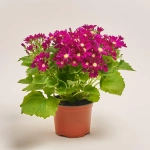 Зображення товару Перікаліс Венеція мікс, артикул: 4064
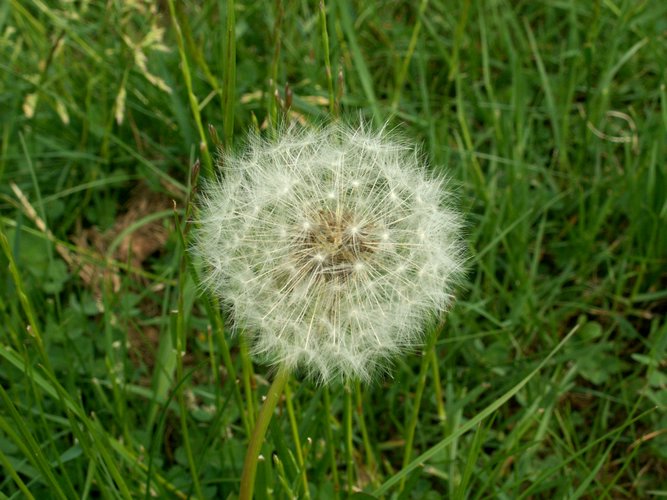 080609_PICT0012.JPG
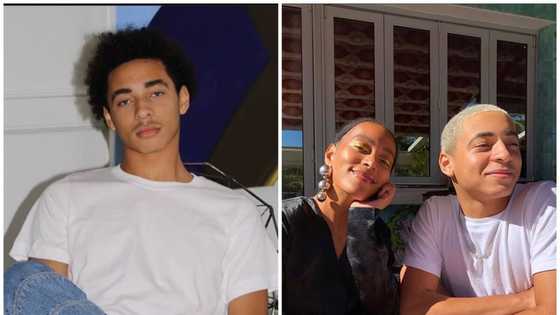 Daniel Julez J. Smith Jr.’s biography: who is Solange’s son?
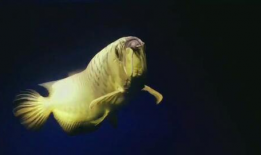 鱼视频观赏大全,探秘水族世界的精彩瞬间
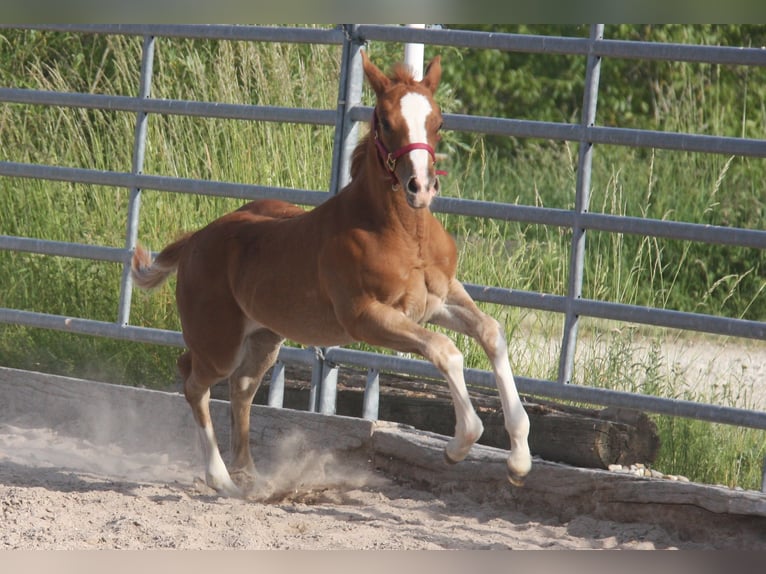 American Quarter Horse Gelding 2 years 14,3 hh Chestnut-Red in Langenbach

_Exercise prompt_:
Find the line that has "鱼视频观赏大全,探秘水族世界的精彩瞬间" in the listing, then retype it and each later line up to the last, exactly. Leave pictures out.

_The completed task_:
 鱼视频观赏大全,探秘水族世界的精彩瞬间
 American Quarter Horse Gelding 2 years 14,3 hh Chestnut-Red in Langenbach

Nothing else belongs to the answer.